19 mars 2024

Parcours politique de Feu Ferhat Abbas

Ferhat AbbasParcours politique de Feu Ferhat Abbas par Mme Leila BENMANSOUR,Docteur en Sciences de l’Information et de la Communication et Membre du CNRS (France)

Texte intégral de la conférence sur le parcours politique de Ferhat ABBAS, donnée à Sétif

(Maison de la Culture) le 24 Décembre 2011, à l’invitation de l’Association des Ancien(ne)s

Elèves des Lycées Mohamed Kerouani et Malika Gaid

Mesdames, Messieurs

Chers compatriotes

Avant toute chose, permettez-moi de faire mes salutations fraternelles à l’ensemble de la population héroïque de Sétif, la ville martyre, marquée au fer rouge, du 8 mai 1945. Cette population héroïque, suivie de celle de Guelma et Kherrata, amputées dans leur chair de milliers de leurs enfants. Ce qui ne s’oublie pas de génération en génération.

Ces salutations étaient nécessaires pour que nul n’oublie. Car vos morts sont aussi les nôtres, et ils ne nous pardonneraient pas de ne se souvenir d’eux que lors des commémorations officielles, car chaque jour qui est nôtre doit aussi être le leur, car nous ne sommes ici en tant que peuple libre que grâce à leurs sacrifices.

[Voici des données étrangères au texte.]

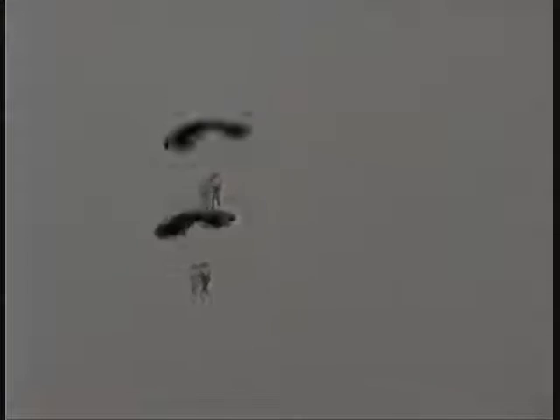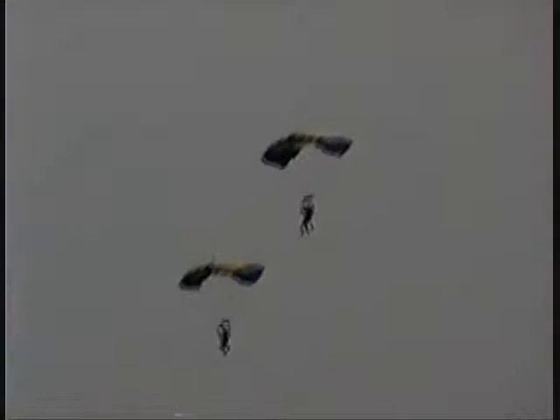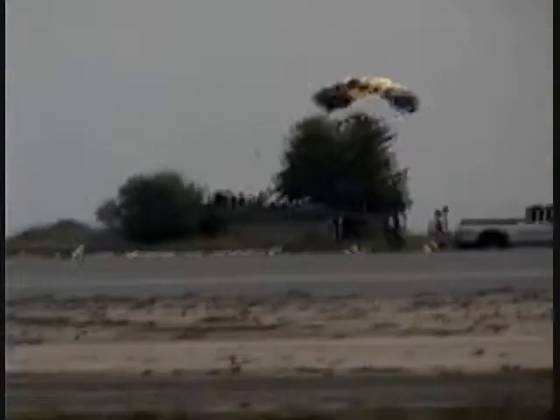All right, ladies and gentlemen, they've just broken a side plane formation. They'll be landing out here in show center for you in just a minute. Numbers three, four, and five safely touchdown. Ladies and gentlemen, enjoy the rest of the air show. Thank you for having us — have a great day.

Mes salutations vont aussi à mes hôtes, monsieur Toufik Gasmi, président de l’association des anciens élèves des lycées Mohamed Kerouani et Malika Gaïd, auteur de l’ouvrage « Nous étions lycéens. Une nostalgie sétifienne »,ainsi que les honorables membres de cette association qui m’ont fait l’honneur de me convier parmi eux en ce jour solennel de la commémoration du 26ème anniversaire du décès du regretté Ferhat Abbas, président du GPRA, fils adoptif de Sétif qui l’a accueilli, l’a choisi pour le représenter, l’a aimé, l’a soutenu, l’a toujours honoré et le grand homme le lui a si bien rendu.

Permettez-moi aussi de saluer les personnalités présentes en leur qualité d’autorités locales, venus rendre hommage à l’homme qui mérite tous les honneurs.

Et de remercier plus particulièrement monsieur le recteur de l’université Ferhat Abbas de Sétif, d’avoir accepté d’être le modérateur de cette conférence, ce qui m’honore au plus haut point, d’autant plus que cette université porte le nom du grand homme objet de notre réflexion aujourd’hui.

Je remercie toutes les personnes, de Sétif ou d’autres villes, qui se sont déplacées pour vivre avec nous ce moment solennel du 26ème anniversaire du décès de Ferhat Abbas.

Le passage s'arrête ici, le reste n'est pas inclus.